1 lipca Białoruś otworzyła ruch bezwizowy dla obywateli Polski.

"W trosce o dobrosąsiedzkie stosunki głowa państwa zdecydowała się na wprowadzenie tymczasowego bezwizowego wjazdu dla obywateli Polski. Reżim będzie obowiązywać od godz. 00:00 1 lipca do 31 grudnia włącznie" - poinformowano wówczas na stronach Państwowego Komitetu Granicznego Białorusi.
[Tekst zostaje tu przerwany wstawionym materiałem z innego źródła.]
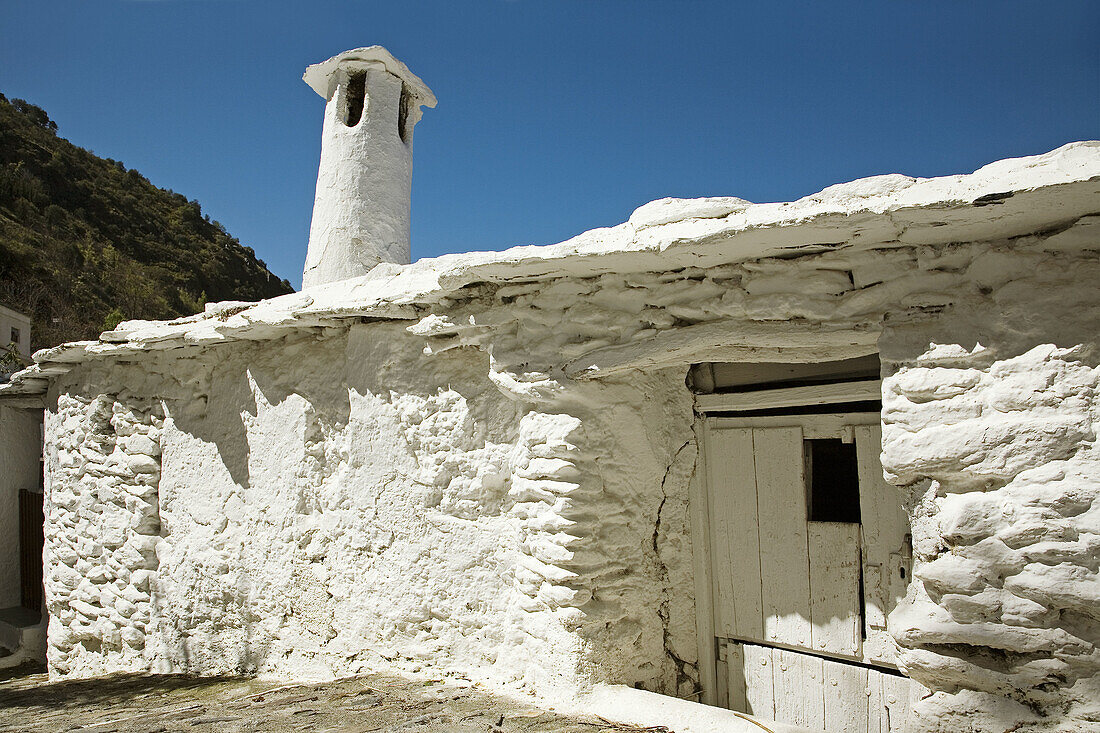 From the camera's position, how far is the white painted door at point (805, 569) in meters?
3.12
Podczas wtorkowej wizyty przywódca Białorusi odnosząc się do tej decyzji, stwierdził, że "to nie ekonomia zdecydowała" o tym ustaleniu. Według Łukaszenki celem wprowadzonego ruchu bezwizowego było to, aby "ludzie zobaczyli, że w ich sąsiedztwie mieszkają normalni ludzie".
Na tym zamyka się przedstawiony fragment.